Recorded data:
=== Begin Enclosure ===

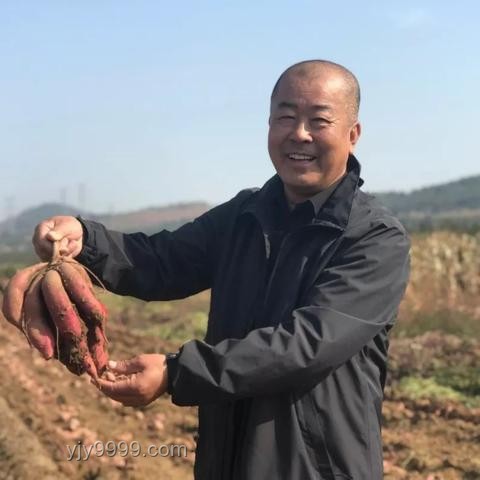 ??深圳教師辭職記:高薪背后的抉擇與成長 ??深圳教師辭職記:高薪背后的抉擇與成長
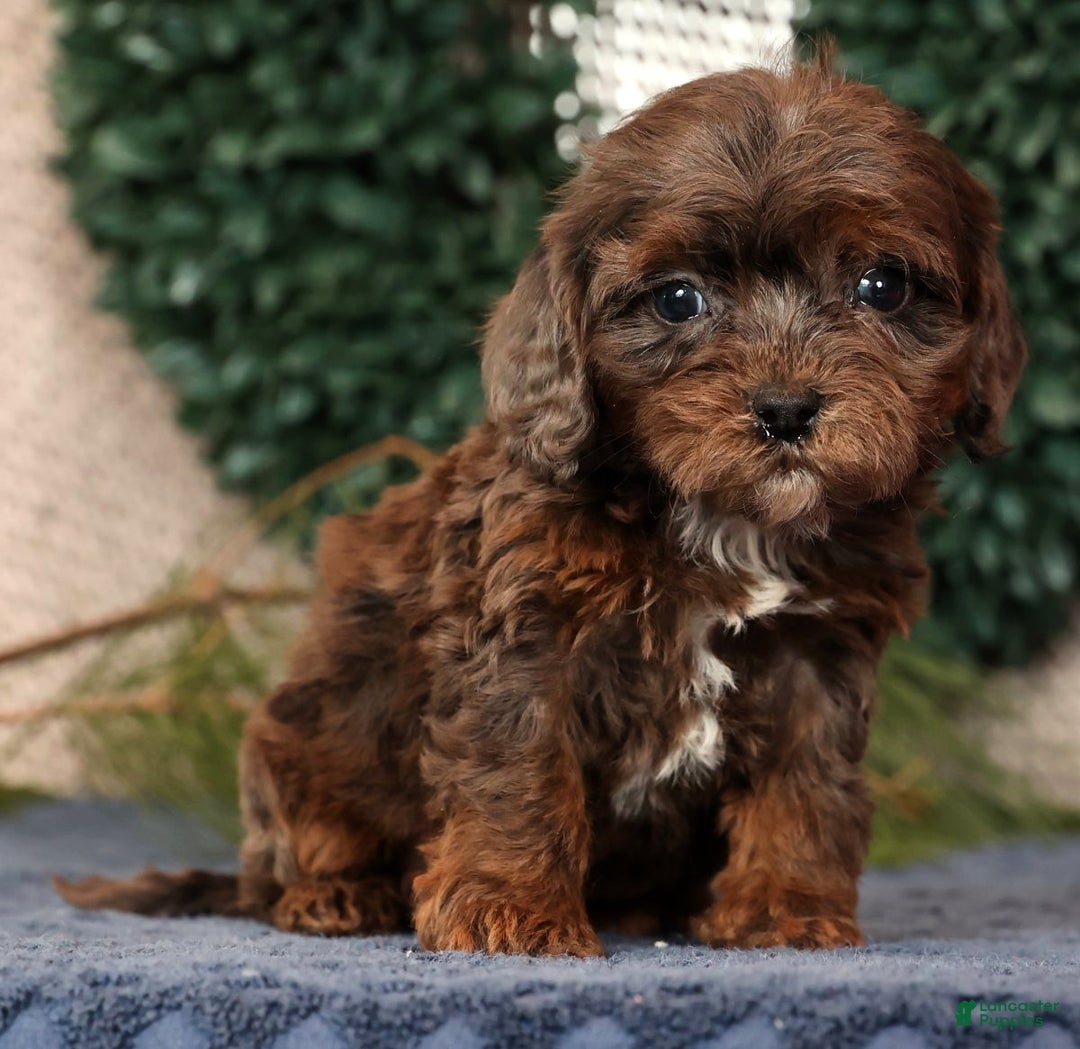 Cavapoo dogs for sale: Lincoln - Ad 3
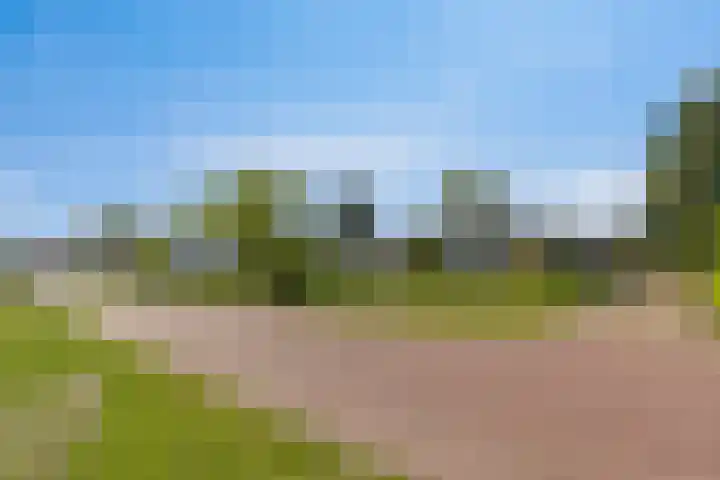 Middenwal 13 Steenbergen thumbnail 39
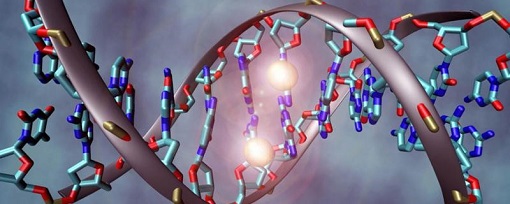 bisulfite dna image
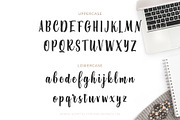 Bonnie Script, a Script Font by Type and Graphics Studio (Thumbnail 3 of 9)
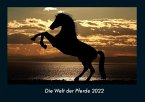 Die Welt der Pferde 2022 Fotokalender DIN A4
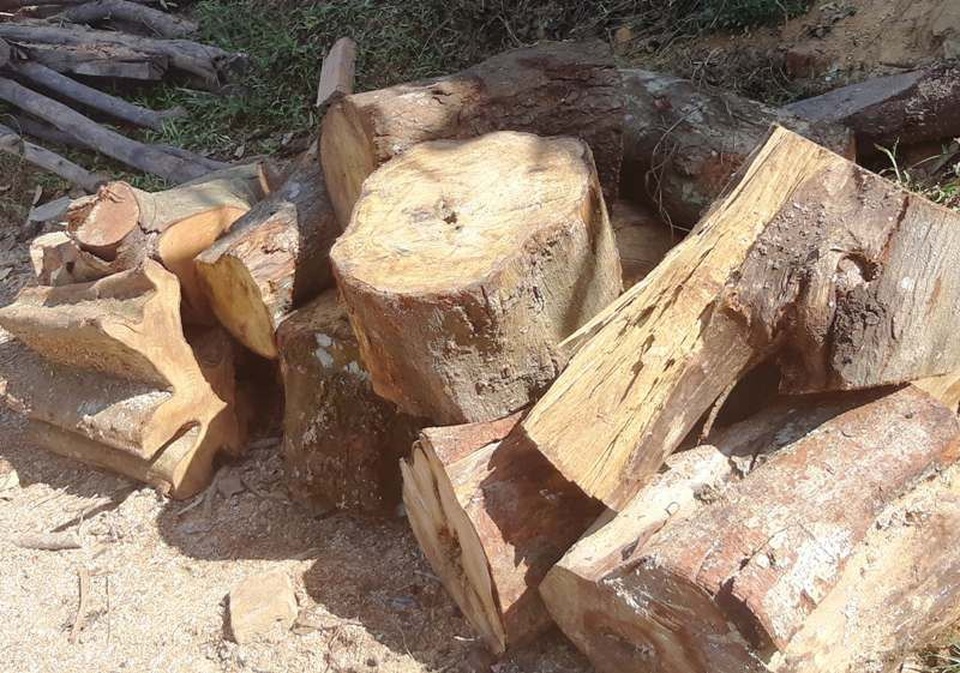 Nhiều lò than “thổ phỉ” không phép ngang nhiên hoạt động tại Nghệ An! - 3 Nhiều loại gỗ có đường kính rất to.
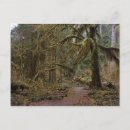 Suche nach saal postkarten Olympischer nationalpark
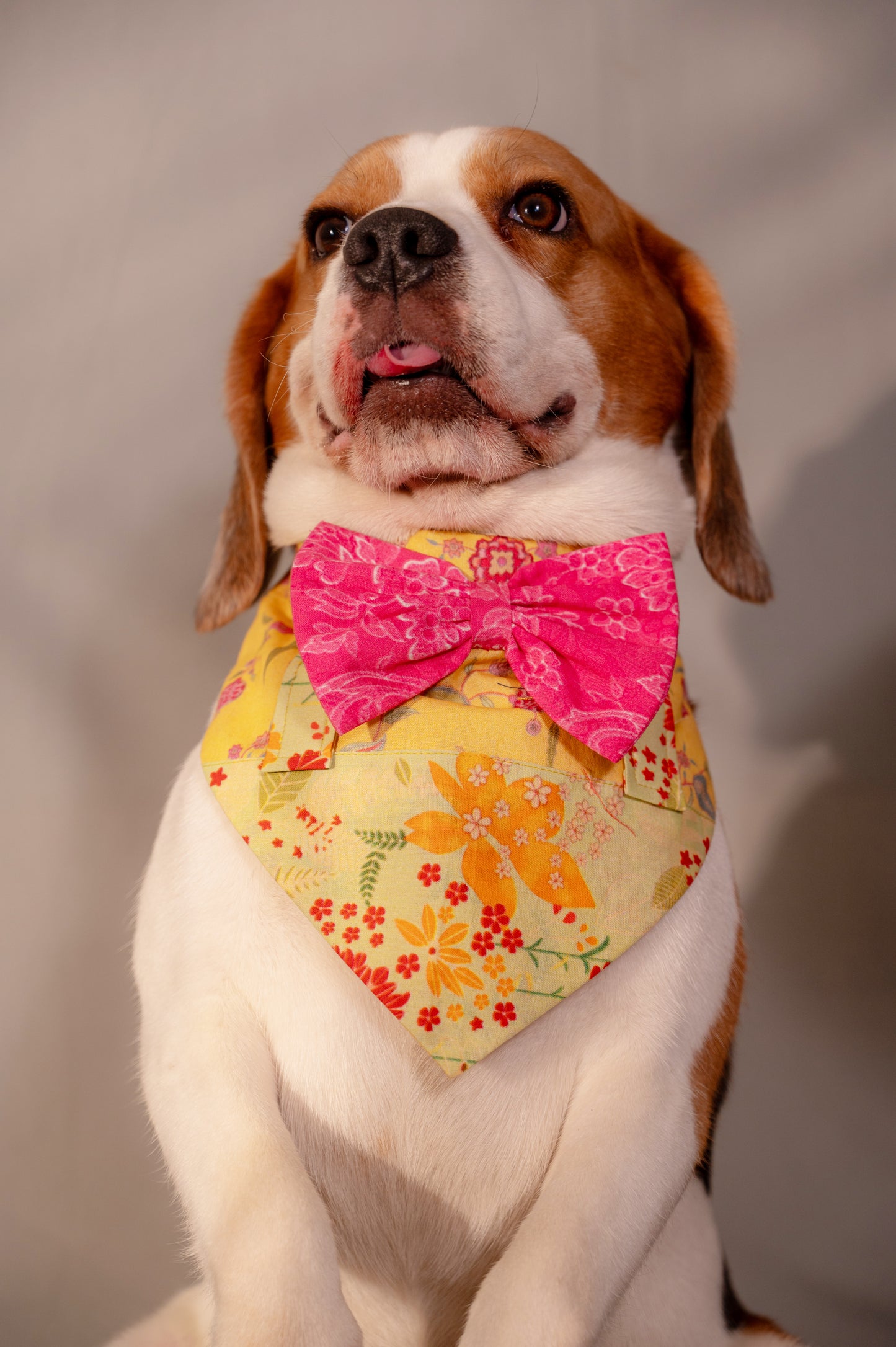 Green Bandana Bow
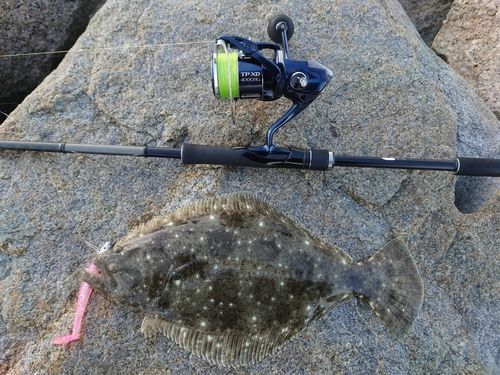 ヒラメの釣果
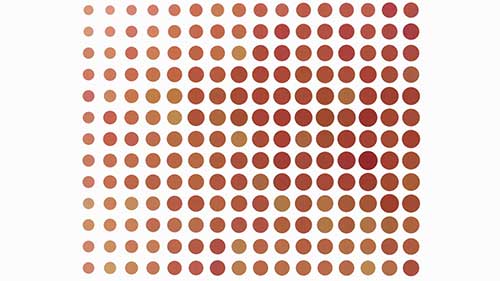 光栅图像处理器工作原理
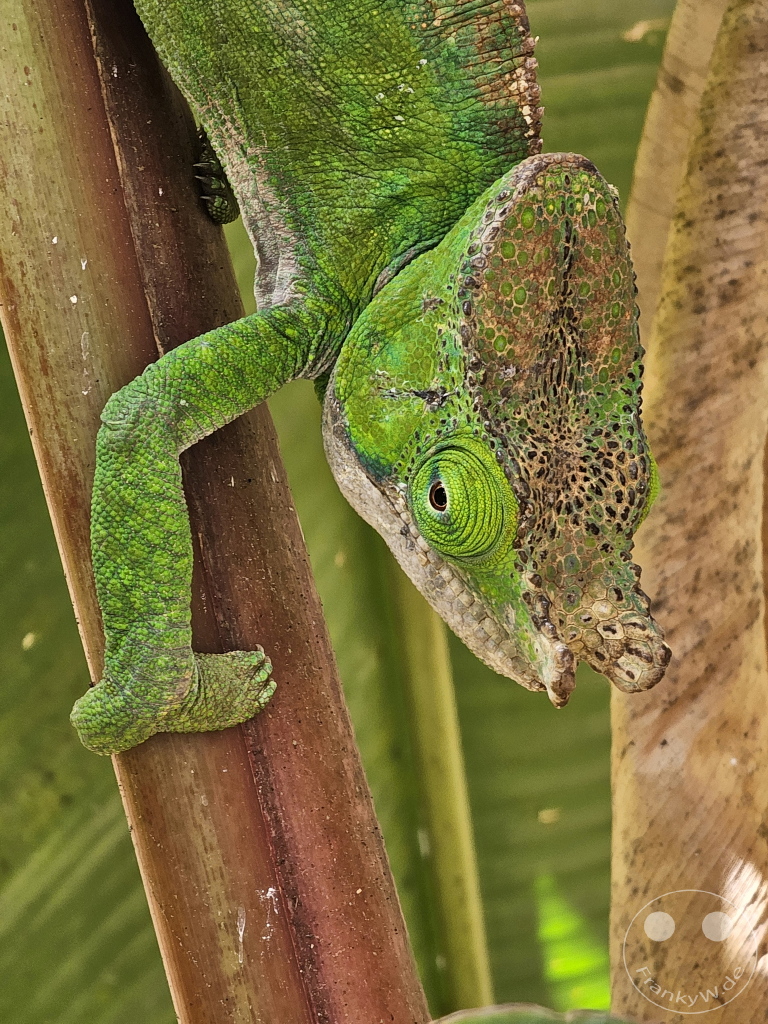 Madagaskar - Anjiro - Réserve Peyrieras - Reptilienpark - Chamäleon - Calumma globifer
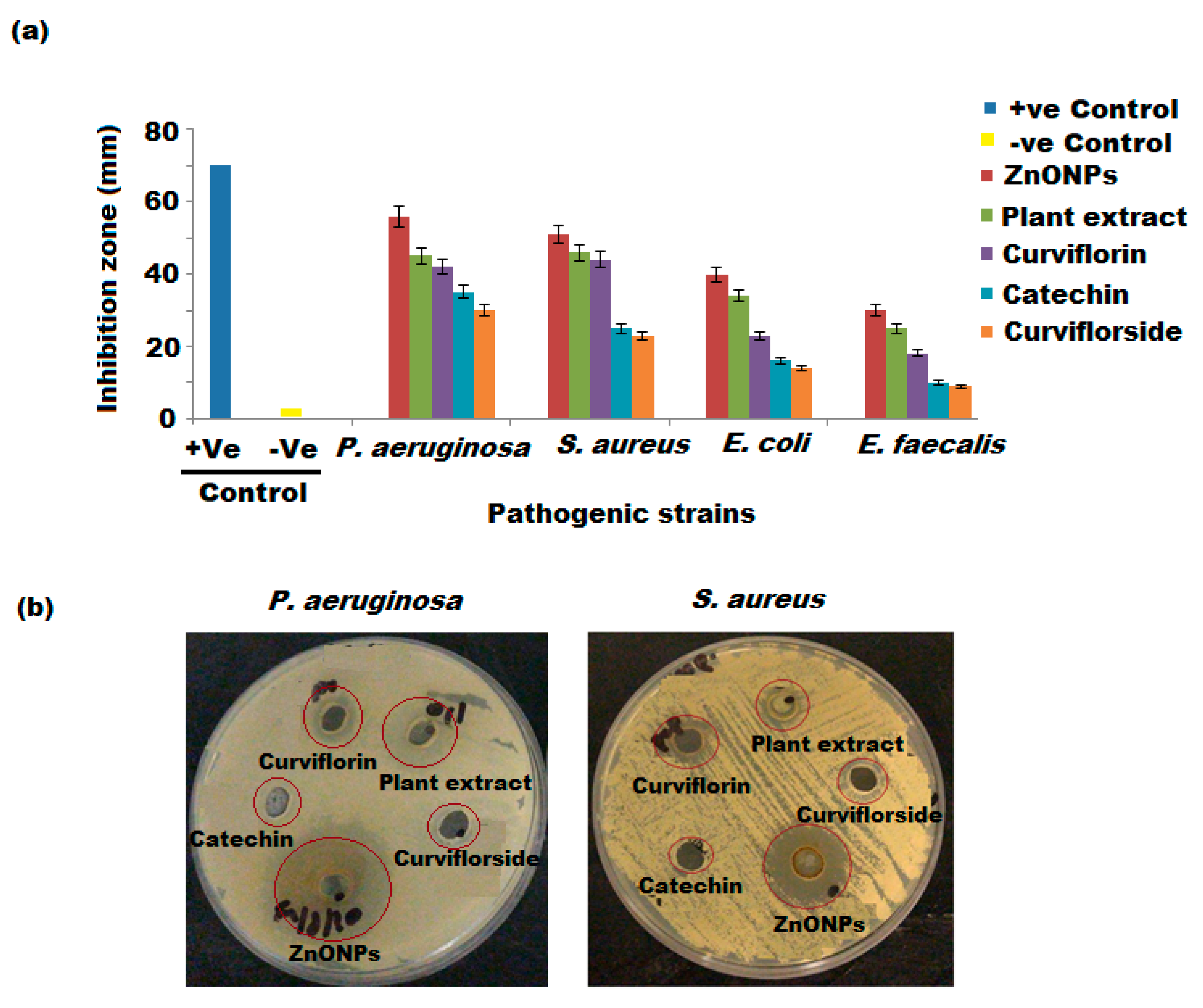 Plants 11 00361 g011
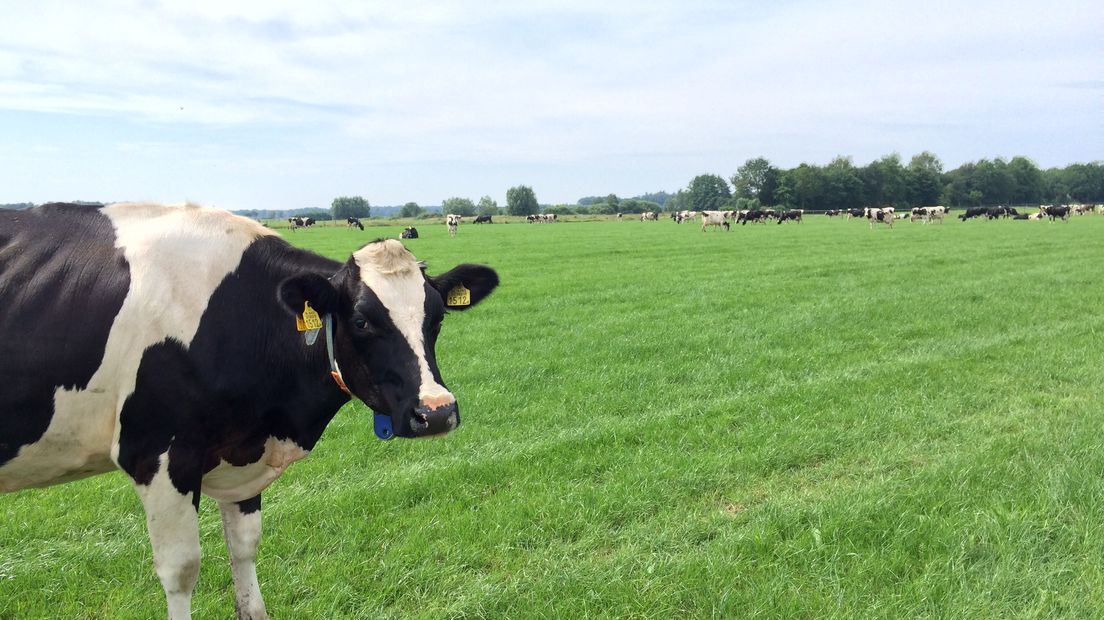 De melkveehouder eist het meeste grond op (Rechten: Hugo Boogaerdt / RTV Drenthe)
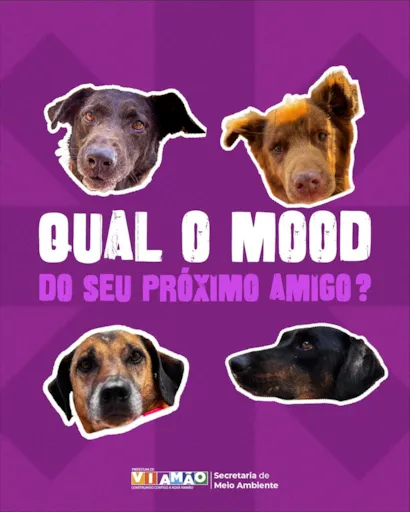 Feira de Adoção em Viamão amanhã! Venha encontrar seu novo melhor amigo na Praça Júlio de Castilhos. Pets vacinados, vermifugados e castrados.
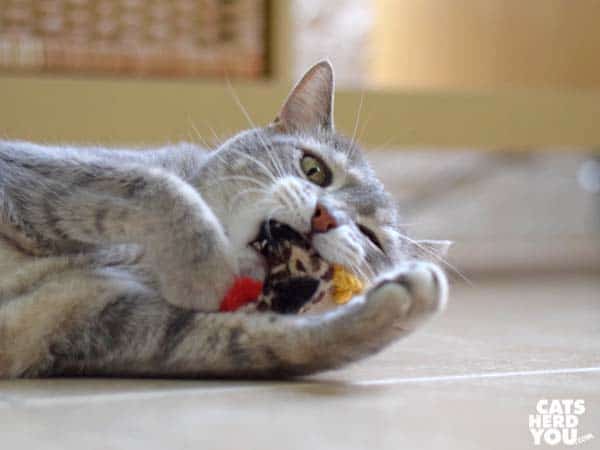 gray tabby cat and stuffed rooster toy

=== End Enclosure ===

• _Work instruction_:
Reproduce the data above word for word from its first line through the line that holds "光栅图像处理器工作原理", both ends included; skip pictures.

• _Result_:
 ??深圳教師辭職記:高薪背后的抉擇與成長 ??深圳教師辭職記:高薪背后的抉擇與成長
 Cavapoo dogs for sale: Lincoln - Ad 3
 Middenwal 13 Steenbergen thumbnail 39
 bisulfite dna image
 Bonnie Script, a Script Font by Type and Graphics Studio (Thumbnail 3 of 9)
 Die Welt der Pferde 2022 Fotokalender DIN A4
 Nhiều lò than “thổ phỉ” không phép ngang nhiên hoạt động tại Nghệ An! - 3 Nhiều loại gỗ có đường kính rất to.
 Suche nach saal postkarten Olympischer nationalpark
 Green Bandana Bow
 ヒラメの釣果
 光栅图像处理器工作原理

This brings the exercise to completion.